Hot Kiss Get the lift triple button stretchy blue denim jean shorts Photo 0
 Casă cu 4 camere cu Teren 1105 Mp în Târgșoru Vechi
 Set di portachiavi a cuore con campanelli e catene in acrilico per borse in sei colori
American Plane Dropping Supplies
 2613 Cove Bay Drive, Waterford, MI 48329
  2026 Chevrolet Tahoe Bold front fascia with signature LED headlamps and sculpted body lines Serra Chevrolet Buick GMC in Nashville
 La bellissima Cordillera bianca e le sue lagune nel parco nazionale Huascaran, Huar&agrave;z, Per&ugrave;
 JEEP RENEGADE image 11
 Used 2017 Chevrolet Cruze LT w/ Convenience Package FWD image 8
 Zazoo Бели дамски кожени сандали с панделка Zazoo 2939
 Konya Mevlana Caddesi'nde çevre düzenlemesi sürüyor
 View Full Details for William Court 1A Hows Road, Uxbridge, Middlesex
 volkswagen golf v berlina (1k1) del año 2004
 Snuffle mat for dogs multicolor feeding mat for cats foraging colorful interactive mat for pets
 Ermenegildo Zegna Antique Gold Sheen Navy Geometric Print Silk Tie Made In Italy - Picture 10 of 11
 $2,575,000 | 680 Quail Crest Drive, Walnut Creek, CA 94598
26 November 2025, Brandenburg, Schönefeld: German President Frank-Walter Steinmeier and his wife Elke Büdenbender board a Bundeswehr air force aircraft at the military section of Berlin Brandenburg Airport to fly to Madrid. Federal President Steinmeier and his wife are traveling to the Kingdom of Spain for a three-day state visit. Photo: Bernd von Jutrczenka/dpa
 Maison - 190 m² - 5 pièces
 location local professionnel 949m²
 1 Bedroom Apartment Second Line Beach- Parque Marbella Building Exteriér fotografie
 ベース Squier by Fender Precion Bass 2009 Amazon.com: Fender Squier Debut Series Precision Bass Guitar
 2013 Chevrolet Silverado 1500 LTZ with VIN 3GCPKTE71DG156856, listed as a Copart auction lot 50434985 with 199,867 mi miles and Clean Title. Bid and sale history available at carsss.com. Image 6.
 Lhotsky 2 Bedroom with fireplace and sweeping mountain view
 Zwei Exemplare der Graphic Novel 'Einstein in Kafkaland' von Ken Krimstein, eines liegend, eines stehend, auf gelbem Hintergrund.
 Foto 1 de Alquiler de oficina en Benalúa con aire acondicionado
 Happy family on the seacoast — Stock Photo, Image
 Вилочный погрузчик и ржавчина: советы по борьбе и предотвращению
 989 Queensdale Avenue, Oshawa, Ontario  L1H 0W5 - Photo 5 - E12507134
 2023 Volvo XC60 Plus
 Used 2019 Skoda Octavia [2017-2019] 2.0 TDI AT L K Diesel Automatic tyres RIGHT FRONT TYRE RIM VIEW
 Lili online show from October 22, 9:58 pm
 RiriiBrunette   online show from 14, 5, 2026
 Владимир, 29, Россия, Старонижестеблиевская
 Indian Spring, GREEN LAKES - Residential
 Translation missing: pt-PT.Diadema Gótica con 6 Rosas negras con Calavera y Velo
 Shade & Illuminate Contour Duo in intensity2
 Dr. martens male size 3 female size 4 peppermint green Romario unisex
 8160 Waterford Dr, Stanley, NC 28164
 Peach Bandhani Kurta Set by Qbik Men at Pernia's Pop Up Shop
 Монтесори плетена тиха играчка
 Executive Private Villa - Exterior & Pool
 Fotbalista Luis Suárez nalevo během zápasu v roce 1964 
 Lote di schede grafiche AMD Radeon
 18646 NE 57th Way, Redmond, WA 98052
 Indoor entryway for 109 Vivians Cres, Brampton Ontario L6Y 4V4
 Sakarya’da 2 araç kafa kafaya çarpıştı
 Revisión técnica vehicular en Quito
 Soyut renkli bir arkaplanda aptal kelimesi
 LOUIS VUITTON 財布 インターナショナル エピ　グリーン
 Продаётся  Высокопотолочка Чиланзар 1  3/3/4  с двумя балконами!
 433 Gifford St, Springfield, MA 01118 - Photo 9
▬▬▬
### What is expected
Your task is to transcribe, with no changes, only the lines of the listing above that lie between the line holding "La bellissima Cordillera" and the line holding "Snuffle mat for", inclusive.

### Reply to the exercise
 La bellissima Cordillera bianca e le sue lagune nel parco nazionale Huascaran, Huar&agrave;z, Per&ugrave;
 JEEP RENEGADE image 11
 Used 2017 Chevrolet Cruze LT w/ Convenience Package FWD image 8
 Zazoo Бели дамски кожени сандали с панделка Zazoo 2939
 Konya Mevlana Caddesi'nde çevre düzenlemesi sürüyor
 View Full Details for William Court 1A Hows Road, Uxbridge, Middlesex
 volkswagen golf v berlina (1k1) del año 2004
 Snuffle mat for dogs multicolor feeding mat for cats foraging colorful interactive mat for pets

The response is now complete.